Kernel Log - Coming in 3.7 (Part 1): Filesystems & storage
by Thorsten Leemhuis
Linux 3.7 introduces a range of Btrfs performance improvements. The kernel now supports the SMB data exchange protocol that recent Windows versions use, and it offers discard functionality for software RAIDs, which is important for SSDs.
Last weekend, Linus Torvalds released the fifth release candidate for Linux 3.7; he was happy to point out that only a few, mostly minor, changes were submitted for this RC. As usual, Torvalds and his fellow developers had already incorporated all major new features at the start of the Linux 3.7 development cycle. Since it is rare that further major changes are integrated during the stabilisation phase, the Kernel Log can already provide a comprehensive overview of the most important advancements in the new Linux version, which is expected to arrive in early to mid-December.
The overview will be presented in the customary series of articles that will cover the various Linux areas. The first article below describes the most important new features in the kernel's filesystems and storage hardware support; subsequent articles will discuss the kernel's graphics drivers, network support, architecture code and other hardware drivers.
Btrfs
According to the developers, an optimisation for the Btrfs fsync code improves write performance, especially that of virtual machines, when VM images are located on Btrfs filesystems and the guest's software frequently requests immediate data writes via fsync. Commenting on the modification, the developer, who works for Fusionio, noted that in Fio benchmark tests with distributed data writes that each ended in fsync, data throughput with a SATA drive increased from 82 to 140KB per second. The numbers are quite low because, after each of the small random writes, the benchmark waited till the data was actually written.

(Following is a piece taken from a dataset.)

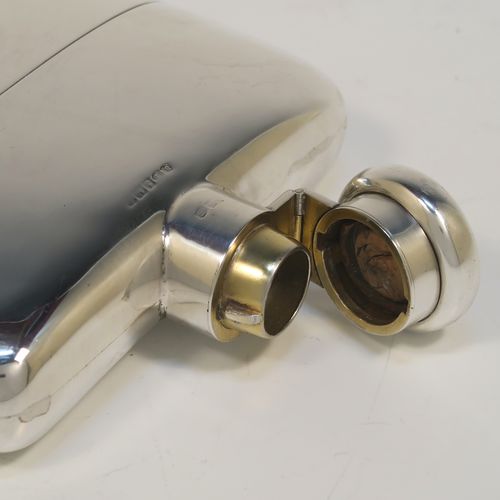 A heavy and very handsome Antique Sterling Silver whisky hip flask, having a plain shaped rectangular body with rounded shoulders, a bayonet-fit lid, and a pull-off cup with gold-gilt interior. This elegant antique silver whisky flask and cup were made by Deakin and Francis of Birmingham in 1917. The dimensions of this fine hand-made antique silver whisky flask are length 12 cms (4.75 inches), width 12 cms (4.75 inches), depth 4 cms (1.5 inches), and it weighs approx. 272g (8.8 troy ounces).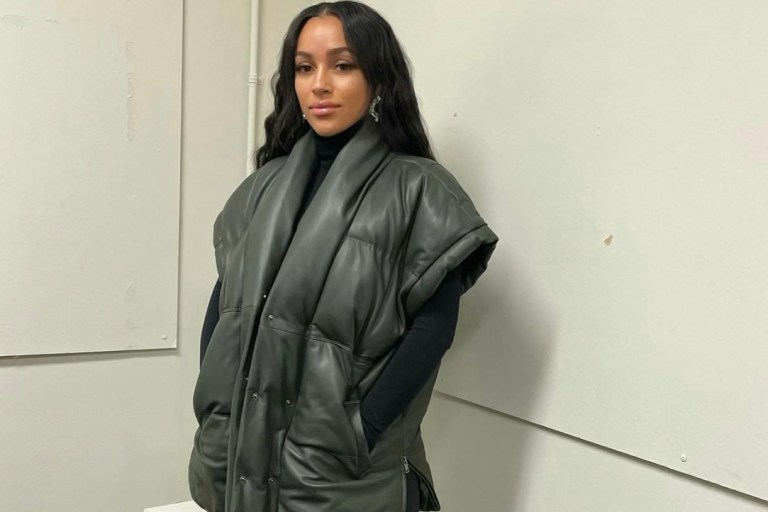 Joie Chavis Keeps It Cozy in Frame Green Puffer Vest, Gianvito Rossi Black Leather Zip-Up Thigh High Boots and Amina Muaddi Crystal Earrings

With an unspecified "Fusion drive" (likely a Fusion IO Drive – a PCIe device with flash memory chips), throughput reportedly increased from 431 to 2,532KB/s.
This modification is the basis for another change that improves fsync performance with synchronous writes: in tests the developer ran with the "dd" program, the throughput of a SATA drive increased from 104 initially to 121KB/s; on a ramdisk, Btrfs apparently completed the test many times faster than before. An fsync code modification for Btrfs that was introduced in Linux 3.5 has been reverted because sysbench results showed that performance dropped from 39 to 24MB/s on the developer's test system.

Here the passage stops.